Mushrooming bilateral and regional trade agreement meetings need to regulate global production so as to benefit non-members too.
But the World Trade Organisation multilateral system also has a role in reducing the resulting complexity, according to the latest edition of the organisation’s flagship publication released on July 20, 2011 in Geneva.
The World Trade Report 2011 observes that these Preferential Trade Agreements (PTAs) are becoming more complex, involving pacts between regions, as well as between countries or within regions.
Many PTAs are moving toward deeper integration that goes beyond tariffs and other measures at national borders, according to the WTO. A growing number include domestic policies such as regulations on services and investment, intellectual-property protection and competition policy, it said.
“These trends raise vital questions about the focus and reach of the WTO, and the value assigned by governments to globally based trade relations,” Director-General Pascal Lamy said on the trade arbiter’s website.
The report argues that deep PTAs reflect important changes in the world economy such as the growth of global production networks.

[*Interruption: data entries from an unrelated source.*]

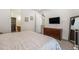 Bright main bedroom featuring neutral colors, a TV, and a stylish dresser with a large mirror at 5610 S Sycamore St, Littleton, CO 80120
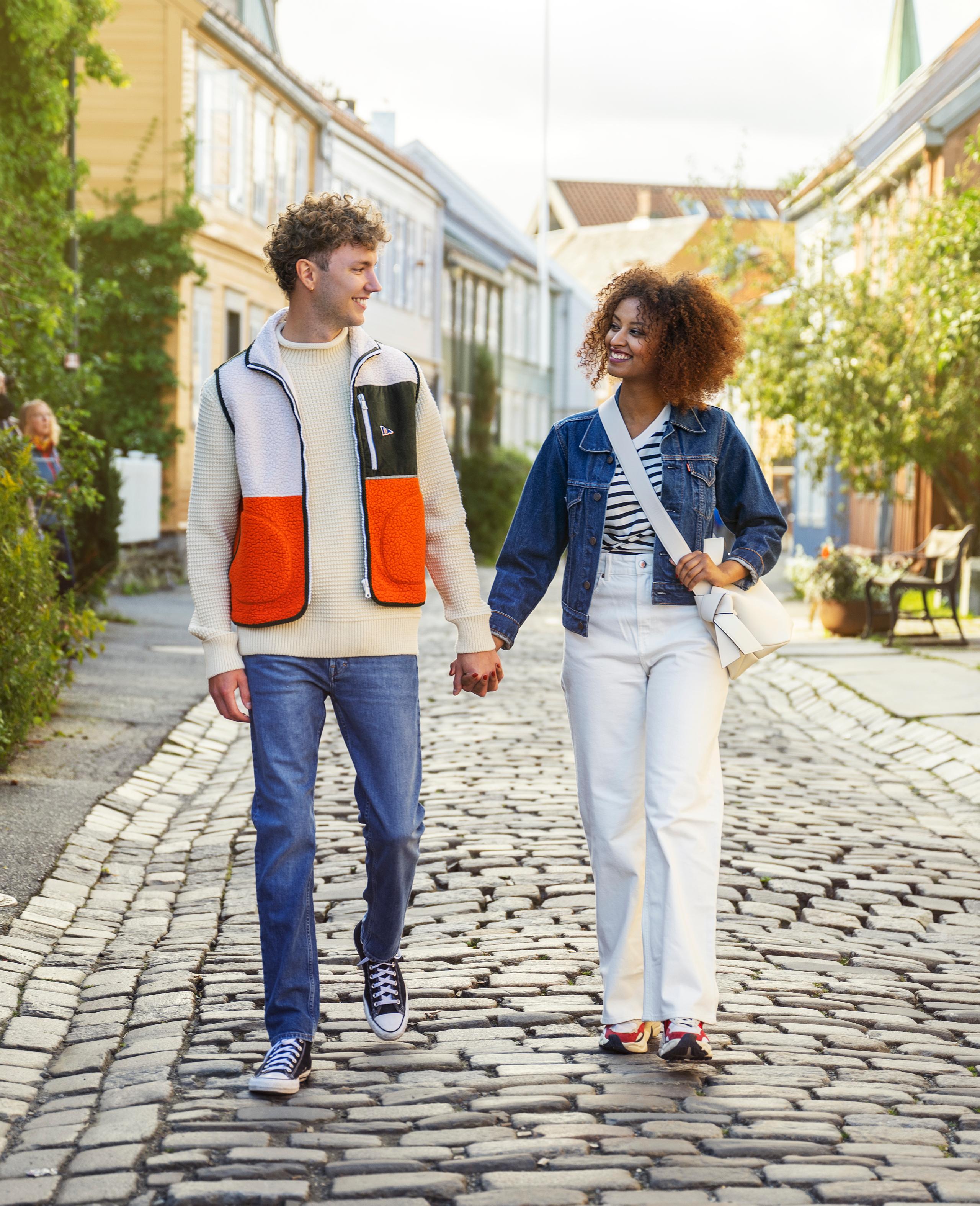 Couple strolling in Bakklandet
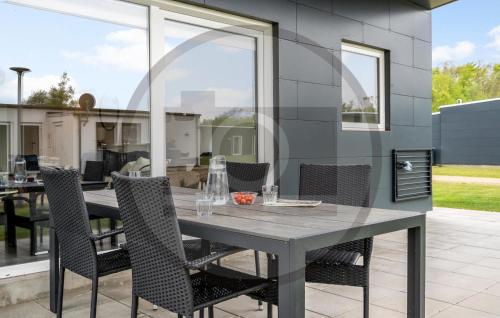 Una mesa de comedor y sillas en un patio. en Awesome Home In Ringkøbing With Wifi, en Hee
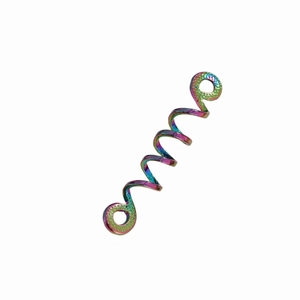 Macro view of iridescent metallic Celtic hair spiral with rainbow plated finish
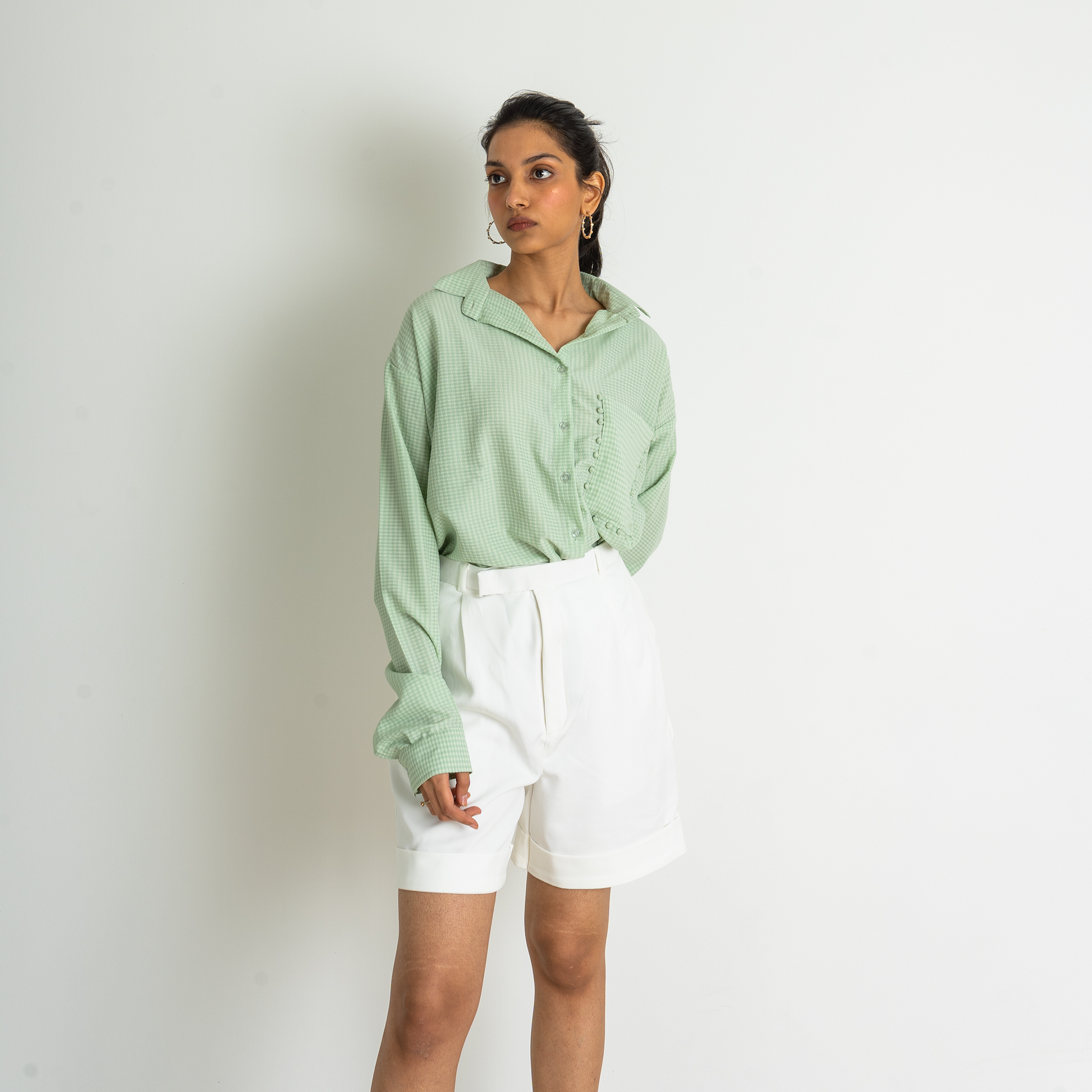 Tailored shorts in a stretchable and breathable fabric. High waist with pleats at the front, and a zip fly with a concealed button and hook-and-eye in the waistband. Diagonal side pockets, and folded legs with creases front and back.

These networks require better regulation and supervision in a range of areas, and deeper PTAs may be addressing this need.
The result is that deeper PTAs can also benefit other countries rather than discriminating against them.
On the one hand, lower preferential tariffs within these free trade agreements no longer offer much of an advantage because non-preferential tariffs (“most-favoured nation” or “MFN” in WTO jargon) are already low.